Updated: July 3, 2016 12:57:59 pm
Kynan Chenai was in London a few years ago. But not ‘there’ for the Olympics. Not ‘there’ when the five giant Olympic rings were suspended from the Tower Bridge or when the interlocked circles, mounted on a barge, passed under it to ring in the biggest sporting spectacle. Which was odd.
Kynan was studying at a university there and the young shooter says he felt trapped on the campus, far away from his life’s target — the Olympics. He was miserable.
“When I was young and just starting to shoot, I would see Olympic rings somewhere and I would tell myself that I would work to be there one day. I would watch the Games on TV every four years and would be dying to be there,” he says.
Father Darius, who incidentally won the National Shooting Championship held last December in Jaipur, would finally take the call. Pulling his son out of university, he brought the drooping shoulders back to India and urged him to re-start shooting full-time. “This time I’ll be at the Olympics. It’s happening. So I’m very happy,” Kynan says.

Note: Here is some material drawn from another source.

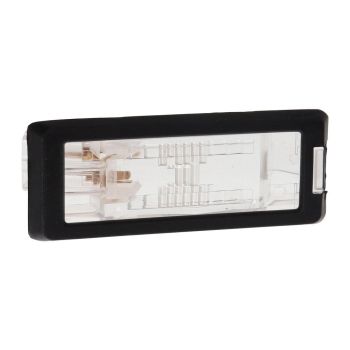 VEMO V46-84-0006 Licence Plate Light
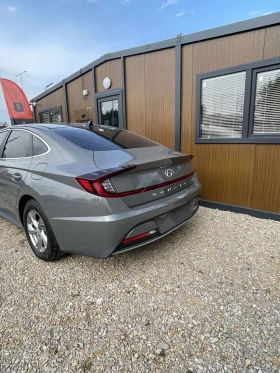 Hyundai Sonata 2.0 LPi  | Mobile.bg    6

The 25-year-old had an eventful qualification. He won the quota in January after missing the first two World Cups of the season and watching his dad win the nationals ahead of him — he says he got ribbed for it. The quota place wasn’t enough as he lagged in the national selection trials — a longer process that rewards consistency. But lagged only just. So when a quota swap came up, the youngster regained his berth.
Kynan had a good outing at the World Cup in Baku, Azerbaijan — narrowly missing out on medals after qualifying for the finals — assuring him that his five hours a day on the range and three hours in the gym were doing him good.

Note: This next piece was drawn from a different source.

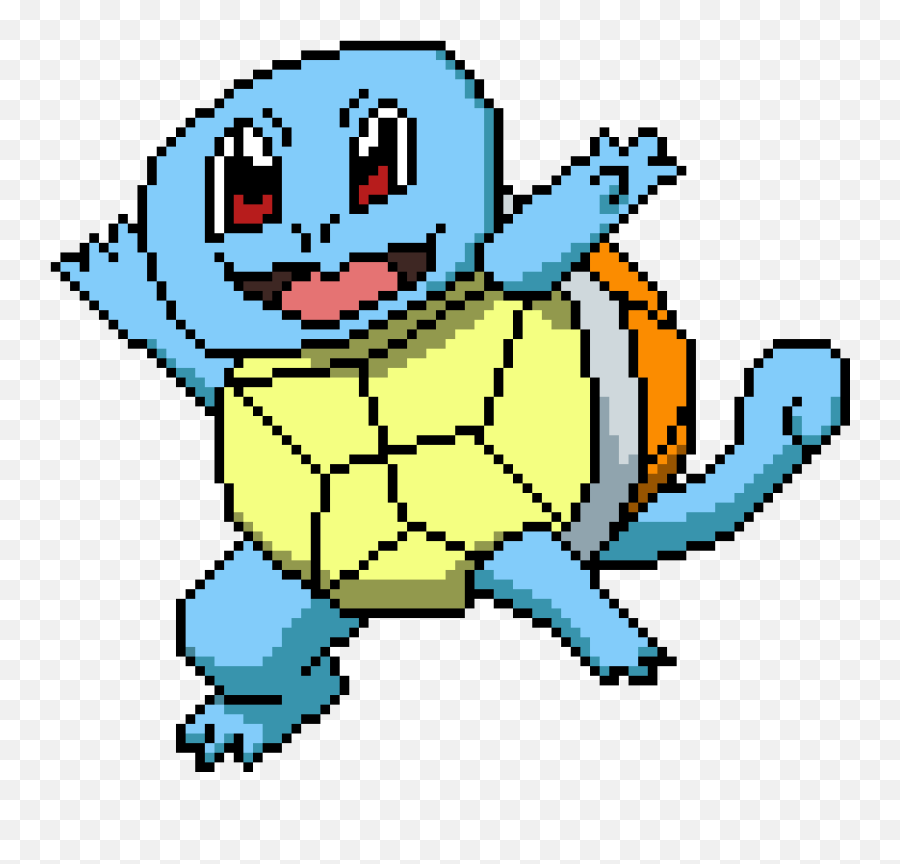 Squirtle Png - Squirtle Cartoon 2376770 Vippng Fictional Character,Squirtle Transparent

Kynan says the enormity of representing India at the Games is yet to sink in. “I think it will hit me only after the Games, because you can only be an Olympian after you have gone and participated,” he says.
He might be a first-timer but he’s determined not to be too star-struck — unless he runs into “Roger or Djokovic” in the Games Village. Getting into the Olympics was his dream but he doesn’t want the Olympics to get to him. “I forget everything when it’s just me and the target. In my opinion, training is the hard part, competition is the fun stuff,” he says.
Shooters carry a lot of baggage into Olympics — the literal luggage of the shotgun and equipment, that is. So Kynan Chenai wants to travel light otherwise. “Pair of sun glasses, flip flops and some mosquito repellent, that’s it.” And a crystallised fulfilled dream.